Według "Gazety Wyborczej" w Warszawie powstała lista koalicji katolicko-narodowej która będzie startować do wyborów samorządowych w Warszawie. Oczywiście inicjatywa listy proliferów jest dyskutowana, ale na pewno nie pod patronatem Frondy i jak wiemy, również nie pod patronatem Ruchu Narodowego. Więc portal Fronda nie współtworzy żadnej listy wyborczej z Ruchem Narodowym.

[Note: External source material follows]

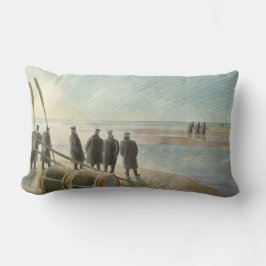ビーチ中の男（干潮時の危険な仕事） ランバークッション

Niestety z artykułu GW wynika coś bardzo niepokojącego. Mianowicie Ruch Narodowy chce za wszelką cenę wykorzystać proliferów do własnych politycznych celów. To właśnie Robert Winnicki w rozmowie z GW powiedział, że "Ruch Narodowy szykuje się do startu w wyborach samorządowych wspólnie ze środowiskami katolicko-patriotyczno-narodowymi", po czym przed południem powiedział, że z listy Ruchu Narodowego wystartuje prof. Bogdan Chazan, by później powiedzieć, że "profesor Chazan będzie patronem naszej listy. Ale sam kandydować nie będzie". Już sam fakt takiej dziwnej dezinformacji świadczy o tym, że listę środowisk proliferskich RN chce po prostu wykorzystać do swoich celów. A swoją drogą, to Gazeta Wyborcza powinna skontaktować się z redakcją Fronda.pl w celu zweryfikowania informacji na temat, który porusza. Umieszczać naszą nazwę obok RN to naprawdę niepoważne!

Jutro ciąg dalszy sprawy. Dziś jedynie pragniemy poinformować, że portal Fronda.pl nie ma nic wspólnego z żadną listą tworzoną wspólnie przez Ruch Narodowy.